Bauhaus Roots at IIT: A Heritage of Innovation and Experimentation
Introduction
Nearly a century ago, designers, artists, and architects took up the challenge of a poor economy, a war-torn continent, and a disillusioned public by creating a radical new school called the Bauhaus in Weimar, Germany. They aimed to build a better future by melding art and craft, employing creative problem solving, working in interdisciplinary teams, and focusing on discovering and experimenting with applications for the newest materials and technology. The result: a school whose ideas changed education, production, architecture, and design the world over.
Two individuals, Ludwig Mies van der Rohe and László Moholy-Nagy, participated in and influenced the Bauhaus's impact on art, design, and architecture. They also had a major influence on the development of today's Illinois Institute of Technology—through their creation of educational programs that shaped IIT’s College of Architecture and Institute of Design.
College of Architecture
In 1938, Armour Institute of Technology engaged German born-architect Ludwig Mies van der Rohe (1886–1969) to take over the leadership of its architectural program. In doing so, the school hoped to transform its traditional architectural program into one of international stature and innovation.
The selection of Mies as chair of the school's Department of Architecture was a logical choice for achieving this goal; at that time, Mies had already achieved international recognition as one of the leading figures of modern architecture. Mies also had an established reputation in the field of architectural education, having been affiliated with the famed Bauhaus school of design in Germany. He served as director of the Bauhaus from 1930 until 1933, when political pressures forced its closing.
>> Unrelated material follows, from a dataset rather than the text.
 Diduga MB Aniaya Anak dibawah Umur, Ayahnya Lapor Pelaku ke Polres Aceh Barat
Relocating to Chicago in 1938, Mies reshaped the architectural curriculum of Armour Institute along similar lines to that of the Bauhaus, developing a disciplined curriculum carried out in a cooperative environment that encouraged interaction between students and the faculty, comprised of professionals from a wide variety of design disciplines.
The curriculum was comprised of progressive, Bauhaus-inspired courses on the visual and tactile characteristics of materials, as well as more fundamental classes on drawing and construction techniques. Beginning students were first educated in the essential characteristics of materials and construction, providing a sound foundation in how a building is built and the nature and capabilities of materials. Only when students fully grasped the basic concepts were they gradually advanced into applying these principles into actual building design.
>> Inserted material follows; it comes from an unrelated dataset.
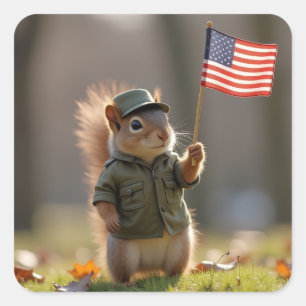 Patriotic Squirrel Fyrkantigt Klistermärke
Much of the Mies-inspired innovative curriculum remains in place today, as does the modern campus of IIT, which includes 18 buildings Mies designed. The most famous is S. R. Crown Hall, home of the College of Architecture and a symbol of Mies' extraordinary vision and creativity.
Institute of Design
In 1937, Walter Paepcke, chair of the Container Corporation of America, invited László Moholy-Nagy (1895–1946) to come to Chicago to be the director of the New Bauhaus, to recreate the energy of the shuttered German counterpart. According to Wikipedia, Moholy-Nagy had joined the German Bauhaus in 1923 as the instructor of the preliminary course that led the school to abandon its expressionistic leanings and embrace its mission to promote design and industrial integration.
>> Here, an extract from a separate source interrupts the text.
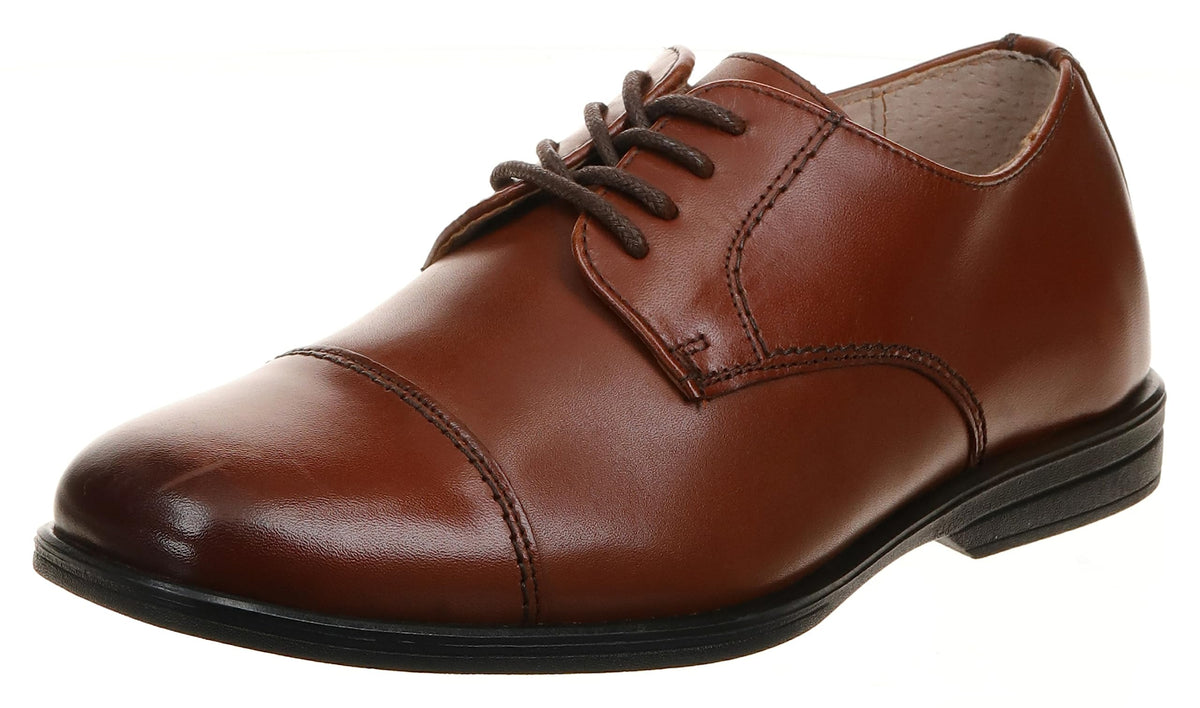 Florsheim Reveal Cap Toe Jr Boys' Toddler-Youth Oxford, 6.5 M US Big Kid, Cognac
Moholy-Nagy became proficient in the fields of photography, typography, sculpture, painting, printmaking, and industrial design. He coined the term New Vision to characterize his belief that photography could introduce a whole new way of seeing the world and became a leading experimenter in both photographic technology, photomontage, and photograms—images created by laying objects on light-sensitive paper.
Moholy-Nagy brought this creativity and his European experiences to the educational programming of the New Bauhaus, but the school lost its financial backing after only a year and closed. Paepcke, however, continued his support, and the school reopened as the School of Design in 1939, becoming the Institute of Design in 1944.
Moholy-Nagy died of leukemia in 1946, but the Institute of Design stayed alive and became part of IlT in 1949. Moholy-Nagy's influence was strongly felt even after his death, as faculty and students of the Institute of Design led the development of post-war commercial photography. The Institute of Design has evolved into one of the nation’s leading educational centers for innovation and human-centered design today.